Find the line that holds "Fort Lowell Estates - Residential Lease", then repeat it and each line below it word for word through the end of the listing, leaving out pictures.
COLLECTED MATERIAL Start Marker
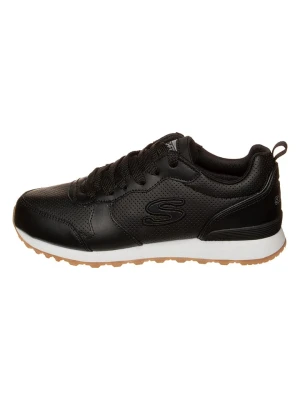 Skechers Sneakersy "OG 85" w kolorze czarnym rozmiar: 37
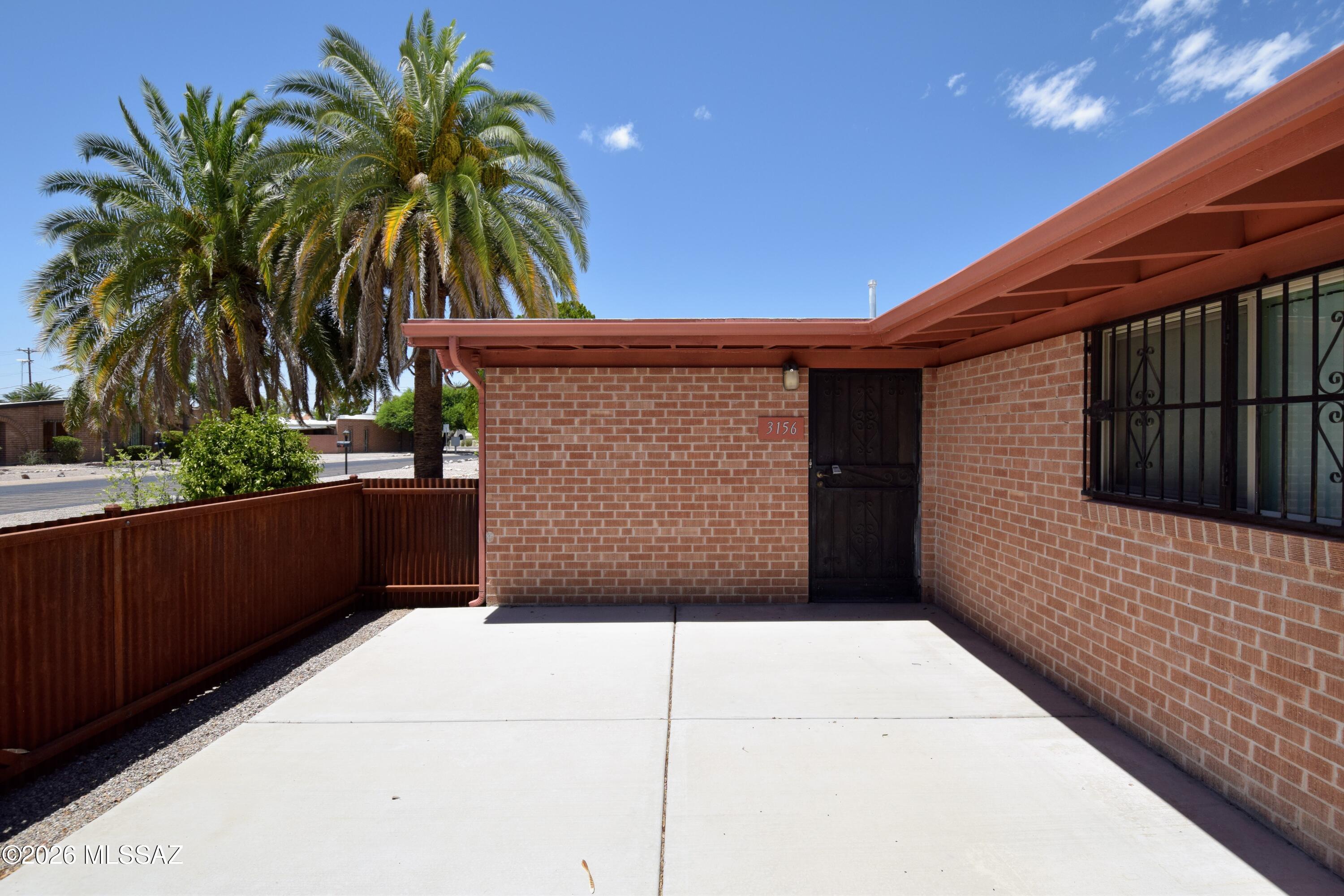 Fort Lowell Estates - Residential Lease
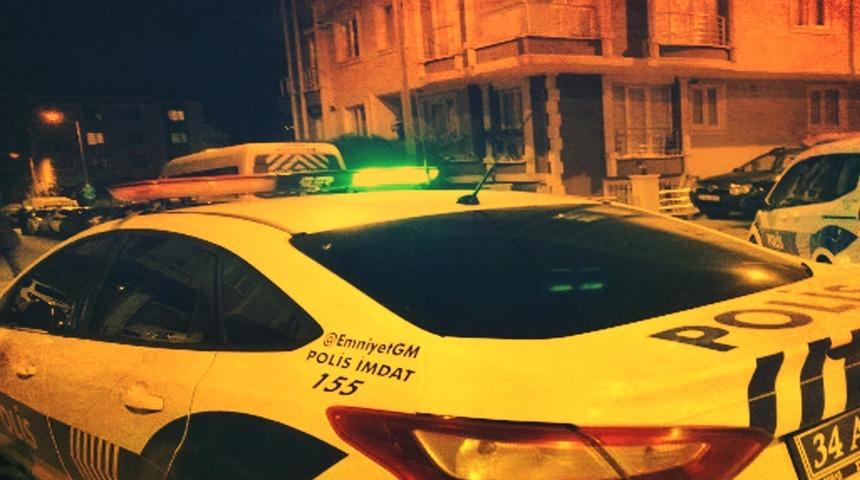 Torununu o halde görünce kalp krizi geçirdi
COLLECTED MATERIAL End Marker
(FINISHED EXERCISE)
 Fort Lowell Estates - Residential Lease
 Torununu o halde görünce kalp krizi geçirdi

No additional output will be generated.